Cats are ferocious hunters

THE Noresiders are known as the Cats, and the stripey hurling men have the predatory instincts of the most deadly feline, it has been suggested.

THE Noresiders are known as the Cats, and the stripey hurling men have the predatory instincts of the most deadly feline, it has been suggested.

Tipperary captain, Shane McGrath, has enjoyed good and bad hurling days against Kilkenny, and those up and down times have warned him that if the Premier County are not ready they will be blown away in Sunday’s National Hurling League final in Nowlan Park.

The Ballinahinch clubman, who admitted to being shocked beyond belief when invited to become the Tipperary captain, viewed Kilkenny as THE team – the one from whom all the rest can learn.

“If you are not right against these boys you haven’t a hope,” he said of Kilkenny. “They will know. They can almost sense it in you if you are up for it or not.

Set standard

“I don’t know what they sniff. They are probably sick of hearing it, but they have set the standard in hurling.
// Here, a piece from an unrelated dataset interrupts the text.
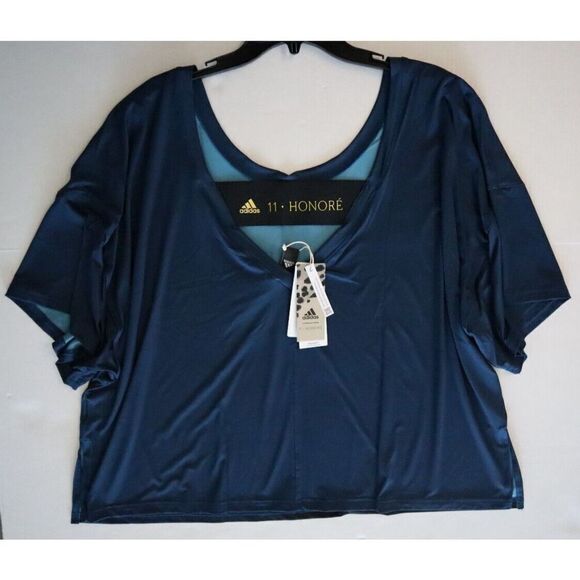adidas x 11 Honoré HR7034 Women Plus Sz 2X Legend Marine/Black Training Tee - Picture 8 of 9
They brought things to a whole new level. In the mid-nineties when Clare broke through we thought hurling couldn’t get any faster.

“Next thing this Kilkenny group arrived and they have taken things to a different level. They just know, they will know if you are 100% committed to the ball or not. All great teams know it.

“The great soccer teams; Barcelona, although they were beaten the other night; they know if you are up for a game or not. We just have to be. It will be over at half-time if we are not.”

Spoke from the heart

The flying midfielder wasn’t simply laying it on in pre-final talk. He was speaking openly, honestly and from the heart.

“They sense a weakness in you,” he continued. “They will expose you ruthlessly. They are the best at that. There is no point in saying anything else. They will know as soon as the ball is thrown-in whether or not we are up for it.

“They are a ruthless team. They are going to go down in history as the greatest team in hurling, and rightly so.”

Do you resent or admire that in them, he was asked at the Tipperary pre-final press conference?

“There is a bit of both,” came the instant reply. “There is a bit of jealousy. That is only natural from any hurler anywhere in the country who wants success. You have to learn from them. How to we become the best? We learn from them. That is the way in any sport.”

McGrath suggested that Tipperary were further along the road than they were this time last year, if only because they were in the League final.

Finished last year

“We were finished with the League at this time last year. In 30 years time if you ask anyone who won the League in 2013 they won’t remember. But they will remember who wins the All-Ireland.

“It is great to be in the League final. It is the best preparation you could ask for before the championship.”

And being captain wasn’t a draining experience as far as he was concerned.

“I am in a better place,” he said of his game generally. “I am enjoying my hurling. I think things are going very well for us. We are doing fine. Training is going fine. Lads are in good form.

“That makes a big difference. You are looking forward to going training and to meeting the boys. Realistically they are you family for nine or 10 months if you go well in the championship.”

Final a million miles away

However, he admitted that an appearance in the final looked a million miles away the night Tipp came home from Cork after the potentially shattering defeat in the opening match.

He was low because he suffered a hand injury he feared might sideline him for months. The next day he got good news about his hand. The next night at training the mood in the camp was defiant. Tipp were on the march.

“We knew that would never, ever happen again,” he said of a big defeat that was the story of the day. “I thing Cork would agree. It was one of those days when nothing went right. The only way was up from there.

“We are a mature bunch. We have played on a lot of big days. Thankfully things came up. We have gone well since.”

And so the visit to Nowlan Park!

“It is an intimidating place to play,” Noel admitted. “There will be a huge Kilkenny crowd. I hope there will be a big Tipp crowd too and any neutral within 50 miles will make it too. It has the makings of a great game.

“We have had good and some very, very bad days there. We will think of the good days and hopefully we can have another. We can if our heads are right. If not we will get blown away.”